Being cheap is its own reward. I'm actually okay with cheap, cheap is great stuff when everyone is on board with being cheap, but I'm not okay with people telling me stuff like "This space is designed for collaboration and empowering communication" when the first design goal is actually cheap, and all that other stuff is just post-facto justification for a work environment that is noisy and sucks hard for people who need to think for a living.
That makes sense in a library. Usually studying is a single person activity.
However I am sure most software engineering / programming jobs require programming, as well as discussing the problem. That's a fairly essential part of the job, and you can't expect to do that in quiet.
To me the ideal solution would be a library at work. I worked in an academic institute that had one. We had 5 or 6 people in an office.
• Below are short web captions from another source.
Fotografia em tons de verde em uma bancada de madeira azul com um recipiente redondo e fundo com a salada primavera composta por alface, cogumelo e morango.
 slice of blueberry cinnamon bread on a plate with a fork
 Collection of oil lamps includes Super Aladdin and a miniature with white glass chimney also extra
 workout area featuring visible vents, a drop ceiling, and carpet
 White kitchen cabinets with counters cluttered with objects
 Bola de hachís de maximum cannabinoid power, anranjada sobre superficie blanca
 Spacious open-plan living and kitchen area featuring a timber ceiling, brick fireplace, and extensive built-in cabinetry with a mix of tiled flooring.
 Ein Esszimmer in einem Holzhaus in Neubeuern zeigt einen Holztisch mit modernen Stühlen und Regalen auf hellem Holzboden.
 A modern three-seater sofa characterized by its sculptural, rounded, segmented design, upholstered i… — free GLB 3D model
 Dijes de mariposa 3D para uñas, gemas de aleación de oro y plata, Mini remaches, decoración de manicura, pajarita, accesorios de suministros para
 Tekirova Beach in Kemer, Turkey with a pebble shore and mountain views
Fine for normal work, but if I needed to concentrate and read up on something new, I would go to the library, and get the silence I required.
Really, what school did you go to? The main reason to go to the library to study was because there would be other people from your class studying there too. So lots of collaboration, working through problem sets together. Yet it managed to stay quiet.
At the school I attended, the quiet parts of the libraries were the parts where people were studying alone. The places in libraries where people studied together (small rooms for studying or larger open rooms with lessened sound restrictions) tended not to be quiet at all.
This is a cultural thing, though. Since childhood, we are taught that you are absolutely always quiet in a library.
Open office plans tell a very different story (with the OP underscores--collaboration), so I suspect it would be a long, difficult transition to move from a noisy, collaborative space to a quiet place.
In a lot of cases, not even possible. Maybe it's different if you're at a web startup that pulls the "we don't have a phone number, email us for questions," but part of my job is fielding technical calls and providing design guidance for clients over the phone.
I sometimes feel bad about being on the phone with other people trying to work in here, but that's the nature of the open office. At least we have low partitions.
The main problem with open offices is noise, not line-of-sight; specifically, the noise of conversation, because we're always trying to make sense of it, which prevents any other kind of intellectual activity.
I think I would prefer working in a sewing factory with the sound of machines, than in a semi-open office where I can hear people talking. (I have worked in factories for short periods of time when I was young, and mostly kind of enjoyed it; I have worked in many open offices for extended periods of time and have always hated it).
So, what about solutions?
Let people work from home (save $$ and save the planet at the same time!)
Buy office space in less expensive parts of town, or less expensive towns.
> the main problem with open offices is noise, not line-of-sight; specifically, the noise of conversation
It's related, because we are visual creatures.
When you block line-of-sight, those people who would have otherwise conversed loudly across the shared area are more likely to take it to a breakout-room or to use quieter, digital means.
I'm not sure if you are, yourself, but hanging fabric would actually block a lot of noise - it would cut down on noise reflecting from walls, and reaching you to begin with.
It wouldn't make things silent, but it would change the acoustics significantly.
I'm not. It would maybe "change the acoustics" but what is needed is to make your (nearest) neighbors' conversations unintelligible, not reduce the overall amount of "noise" as measured in db.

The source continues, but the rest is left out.